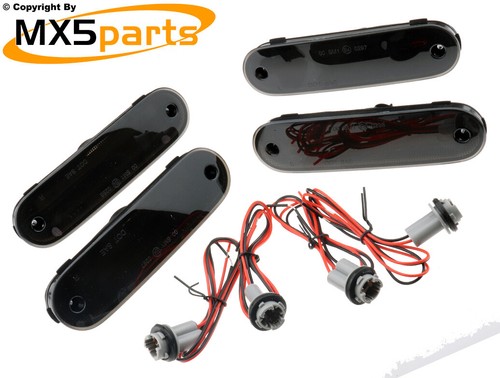 Mx5 led smoked bumper side - led,
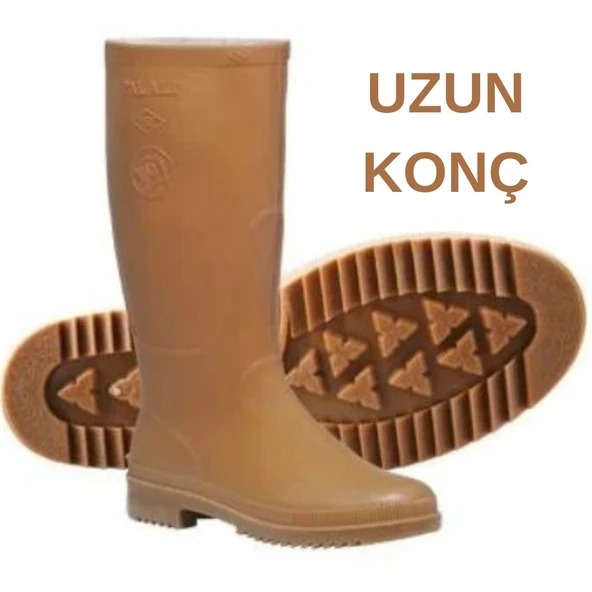 Kocamanlar Palalı Krep Kauçuk Kaymaz Soğuk Su Geçirmez İş ve Av Botu Çizmesi - Resim 2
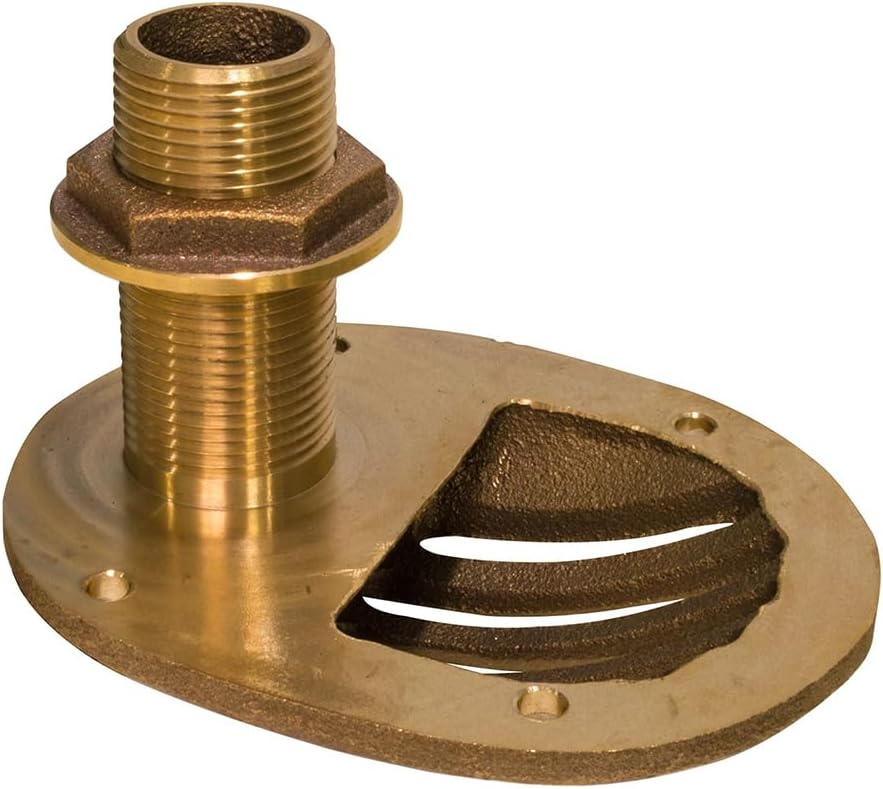 GROCO 1/2" Bronze Combo Scoop Thru-Hull w/Nut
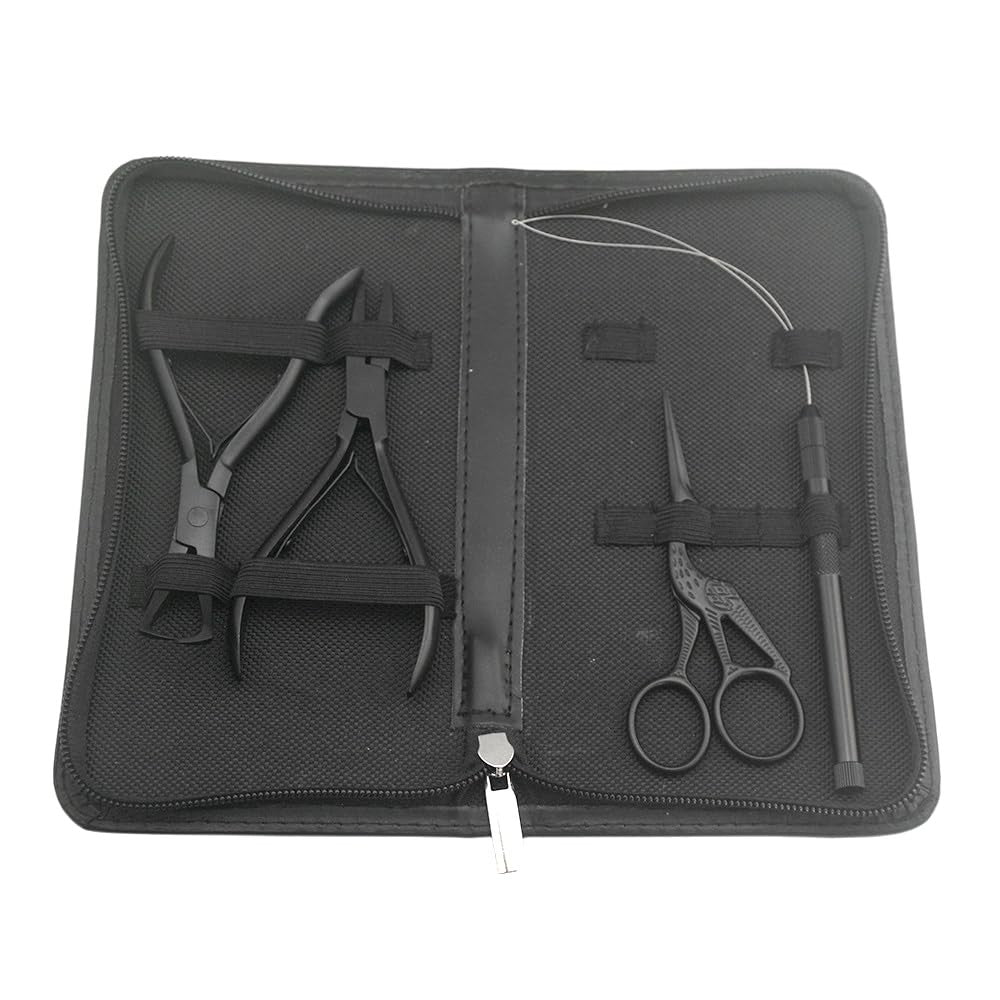 Hair Extension Beading Tool Kit - Micro Link Closer, Remover, Scissors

______

[TASK OBJECTIVE]
Repeat the data verbatim, excluding all pictures.

[REPLY]
 Mx5 led smoked bumper side - led,
 Kocamanlar Palalı Krep Kauçuk Kaymaz Soğuk Su Geçirmez İş ve Av Botu Çizmesi - Resim 2
 GROCO 1/2" Bronze Combo Scoop Thru-Hull w/Nut
 Hair Extension Beading Tool Kit - Micro Link Closer, Remover, Scissors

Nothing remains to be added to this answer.